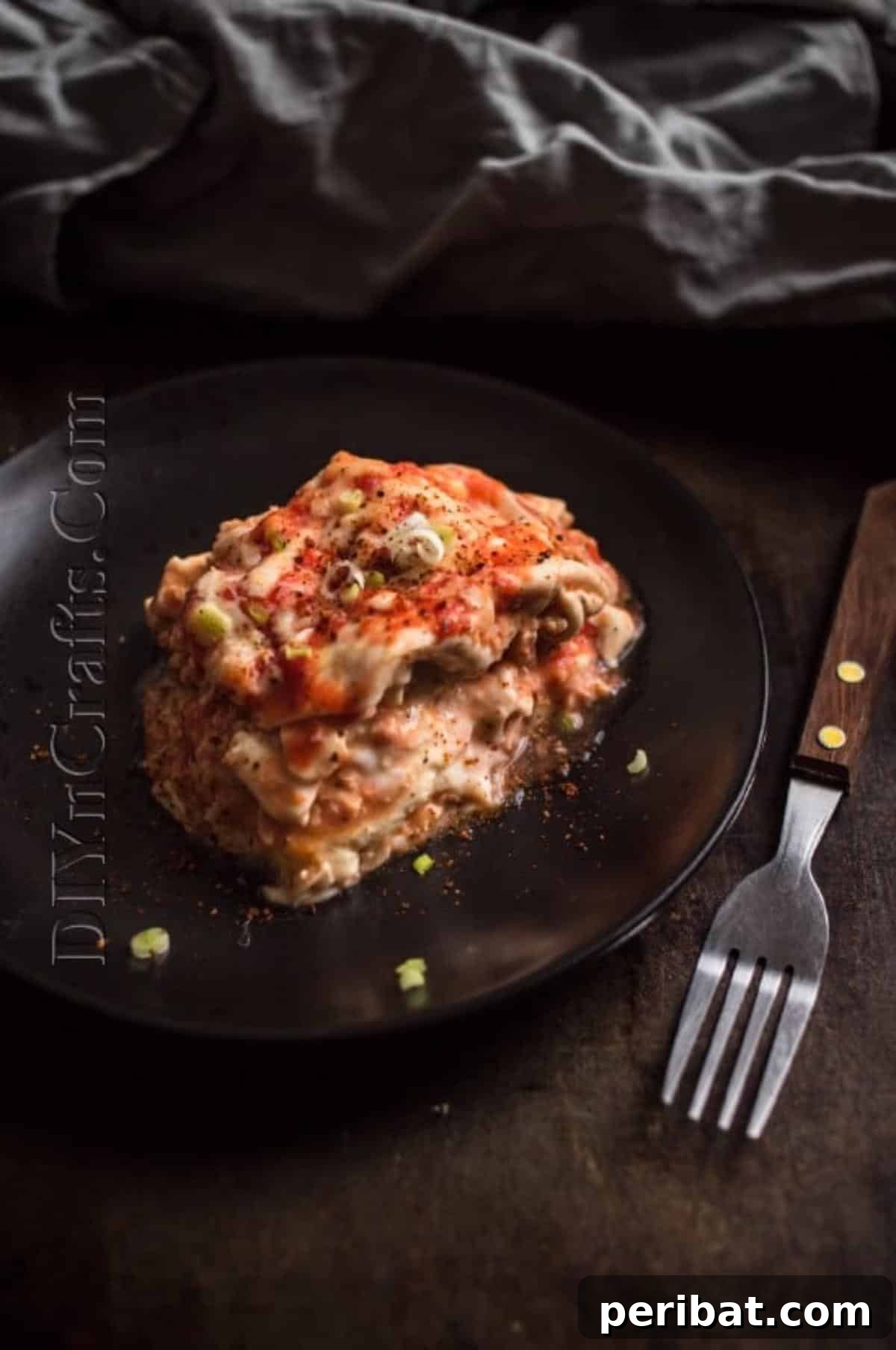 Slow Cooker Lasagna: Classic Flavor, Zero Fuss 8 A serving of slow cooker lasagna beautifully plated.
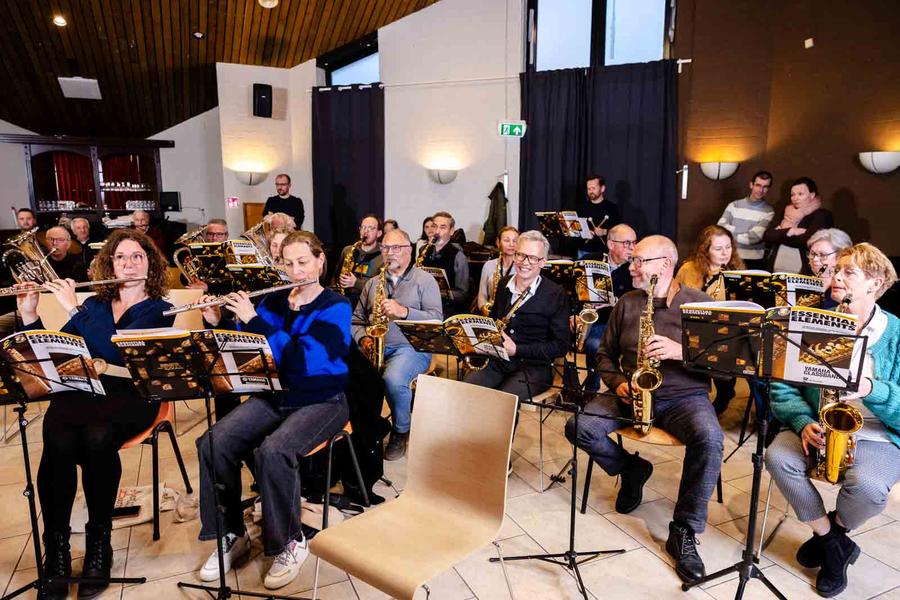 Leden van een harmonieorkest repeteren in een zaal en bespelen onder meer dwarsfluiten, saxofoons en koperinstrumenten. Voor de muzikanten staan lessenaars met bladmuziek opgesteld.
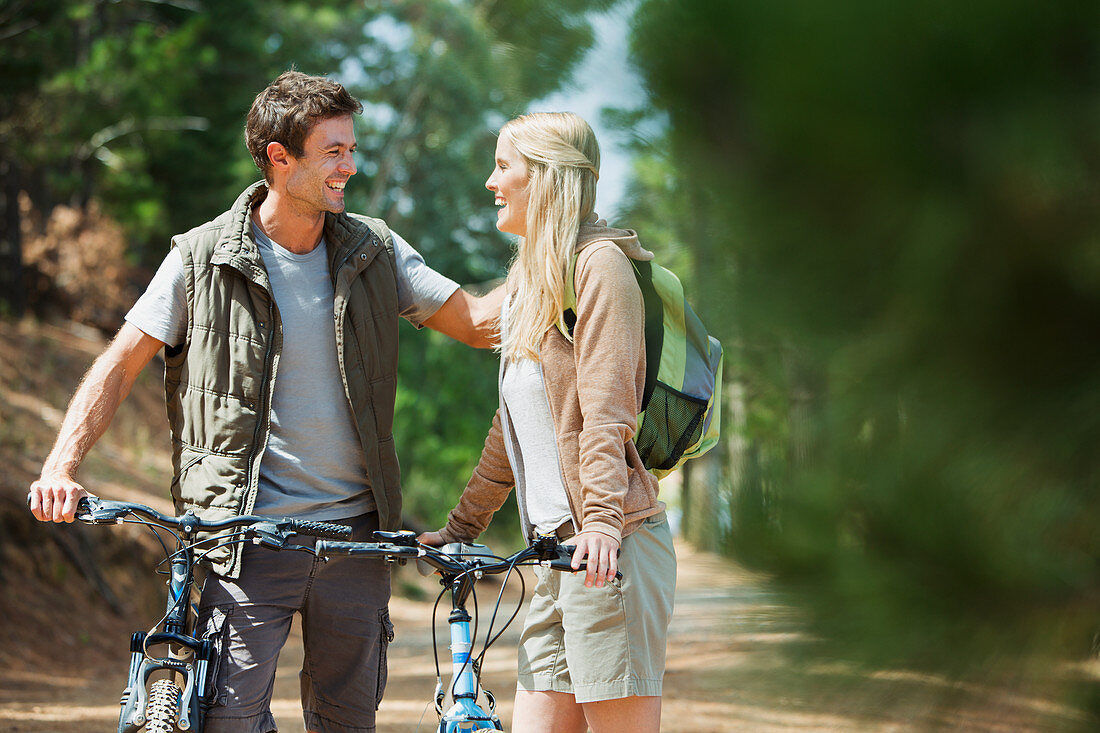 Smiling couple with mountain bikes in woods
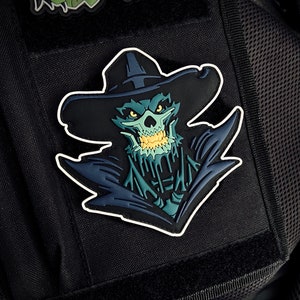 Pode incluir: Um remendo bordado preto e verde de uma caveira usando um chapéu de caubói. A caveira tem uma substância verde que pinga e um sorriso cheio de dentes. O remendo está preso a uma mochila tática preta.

------------

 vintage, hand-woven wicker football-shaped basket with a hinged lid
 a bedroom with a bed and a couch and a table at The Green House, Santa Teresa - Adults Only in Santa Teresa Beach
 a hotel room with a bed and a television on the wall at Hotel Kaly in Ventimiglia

------------

Start with the line above containing "Slow Cooker Lasagna: Classic" and end with the line containing "Pode incluir: Um". Set down that stretch exactly, without any pictures.

 Slow Cooker Lasagna: Classic Flavor, Zero Fuss 8 A serving of slow cooker lasagna beautifully plated.
 Leden van een harmonieorkest repeteren in een zaal en bespelen onder meer dwarsfluiten, saxofoons en koperinstrumenten. Voor de muzikanten staan lessenaars met bladmuziek opgesteld.
 Smiling couple with mountain bikes in woods
 Pode incluir: Um remendo bordado preto e verde de uma caveira usando um chapéu de caubói. A caveira tem uma substância verde que pinga e um sorriso cheio de dentes. O remendo está preso a uma mochila tática preta.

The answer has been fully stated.